Bob Iger wants you to marvel more at his Marvel films and series. To make them better, he’s making fewer.

On Tuesday, the Disney CEO said Marvel is going to decrease its volume to “probably about two TV series a year” and 2-3 movies annually.

“We’ve been working hard with the studio to reduce output and focus on quality,” Iger said on Disney’s fiscal second quarter (Q2) earnings call. “That’s particularly true with Marvel.”

“We’re slowly going to decrease volume and go to probably about two TV series a year instead of what had become four, and reduce our film output from maybe four a year to two— a maximum of three,” he continued.

Cool, so what you got? Iger said Marvel has “a couple of good films in [2025], and then we’re heading to more ‘Avengers,’ which we’re extremely excited about.”

He says “overall” he feels “really good” about the upcoming Marvel slate — and beyond.

“We’re gonna balance sequels with originals, particularly in animation,” Iger said. “We had gone through a period where our original films in animation, both Disney and Pixar, were dominating. We’re now swinging back a bit to lean on sequels.”

We’ll say you’ve swung back.

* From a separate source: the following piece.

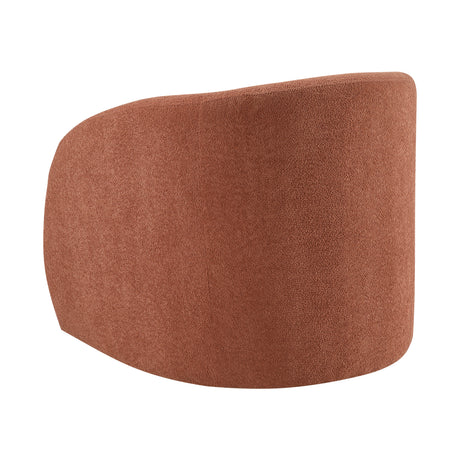 Cocoon Rust Swivel Chair from Homelegance - Luna Furniture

There is more “Toy Story” coming, more “Inside Out,” both a live-action and animated “Moana,” and a few more “Frozen” films, to name just a few sequels. “Inside Out 2,” which marks Pixar’s big comeback and has excellent early buzz, comes out in theaters on June 14, 2024.

“I just think that right now, given the competition and the overall movie marketplace, actually there’s a lot of value in the sequels obviously because they’re known and it takes less in terms of marketing,” Iger said.

For Marvel specifically, there is next year’s “Thunderbolts,” an original, as well as sequels for “Deadpool,” “The Avengers,” and “Captain America.”

 “It will just be a balance which we think is right,” Iger said.

Sure, but the balance that Iger seems to “think is right” is like 75 percent (or more) in favor of the sequels.

Disney revealed its fiscal Q2 earnings a few hours before the conference call. Financially, the company outperformed Wall Street’s expectations. It also added more Disney+ subscribers than was originally forecast, and turned a surprise profit from its entertainment-streaming business. All told, Disney lost $18 million from its direct-to-consumer business, which means sports pulled the rug out on overall streaming profitability. Iger maintains Disney+ itself will turn a profit in the summer quarter — for now, Hulu appears to be carrying that burden.